Elbit Systems is Israel’s largest weapons manufacturer. Volvo, and specifically heavy machinery and armored buses built by Volvo, is complicit in the decades-long occupation of the West Bank. Chevron is responsible (along with Siemens) for extracting natural gas off the shore of the Gaza Strip and maintaining the siege of Gaza—illegally depriving Palestinians of their sovereignty over their natural resources and fueling both environmental destruction and apartheid. In addition to direct divestment from these companies through endowments, pensions, and individual investment portfolios, major billionaire investors in these companies can be a target of public pressure.

Others on that list may also be divestment targets within broader security and military exchange-traded funds (ETFs) and mutual funds. For example, XLE, FENY, DRLL, and VDE are particularly exposed to Chevron, meaning Chevron is among their top 15 holdings across the ETF portfolio. Vanguard Corporation, Inc., a major pension manager, is also one of the largest investors in Elbit Systems. 
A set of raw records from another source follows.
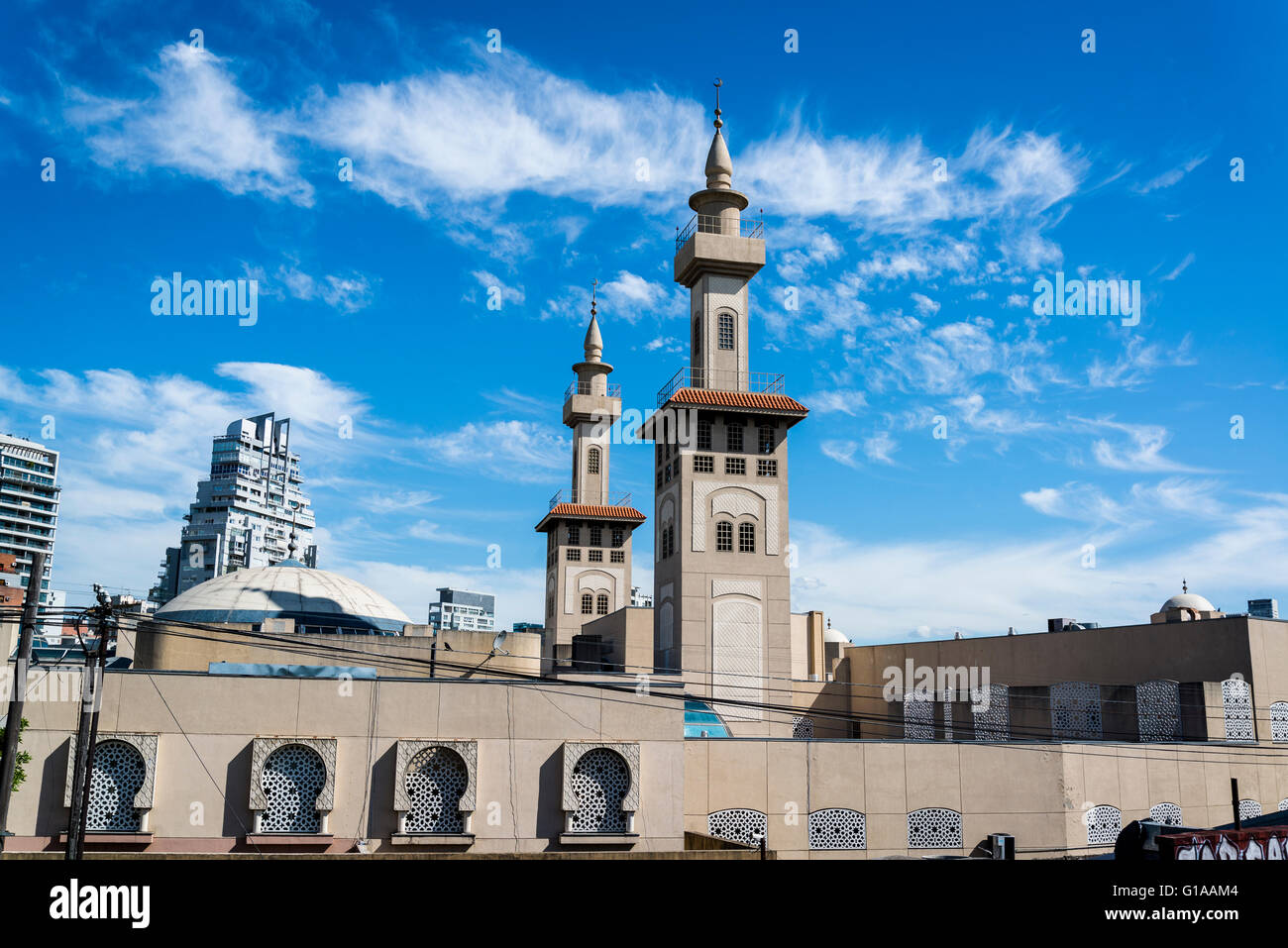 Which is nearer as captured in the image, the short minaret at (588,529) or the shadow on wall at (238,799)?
the shadow on wall at (238,799)

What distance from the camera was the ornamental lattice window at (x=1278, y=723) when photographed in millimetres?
37844

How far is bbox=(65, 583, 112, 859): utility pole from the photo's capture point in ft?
66.5

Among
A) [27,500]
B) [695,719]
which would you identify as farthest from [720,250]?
[27,500]

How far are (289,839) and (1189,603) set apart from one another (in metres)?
39.2

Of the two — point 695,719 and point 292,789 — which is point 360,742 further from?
point 695,719

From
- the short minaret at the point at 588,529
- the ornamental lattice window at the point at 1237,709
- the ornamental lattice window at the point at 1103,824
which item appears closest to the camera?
the ornamental lattice window at the point at 1103,824

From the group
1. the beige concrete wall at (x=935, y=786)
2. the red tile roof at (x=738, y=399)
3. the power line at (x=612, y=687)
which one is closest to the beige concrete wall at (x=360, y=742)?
the power line at (x=612, y=687)

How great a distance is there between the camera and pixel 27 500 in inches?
5915

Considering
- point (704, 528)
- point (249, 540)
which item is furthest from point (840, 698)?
point (249, 540)

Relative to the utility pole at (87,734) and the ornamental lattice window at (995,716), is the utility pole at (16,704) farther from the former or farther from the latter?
the ornamental lattice window at (995,716)

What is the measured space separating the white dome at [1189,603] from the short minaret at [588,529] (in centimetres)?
3702

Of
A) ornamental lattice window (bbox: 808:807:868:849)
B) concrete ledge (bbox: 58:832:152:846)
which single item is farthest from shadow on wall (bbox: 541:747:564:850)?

Another target on that list, AXA insurance company, is much larger in Europe than the US (e.g. Britain and France); in the US, it makes up a considerably smaller share of the market for insurance companies. Barclays Bank is also much smaller in the US compared to the UK, roughly half the size in terms of revenue. In the US, Barclays is not among the top 15 largest banks that makeup about 74% of all US deposits and assets. HIKVision is already the subject of sanctions by the US federal government, but has a few US cities which still use tech that was previously procured (such as in Memphis, TN and Lawrence, MA police departments).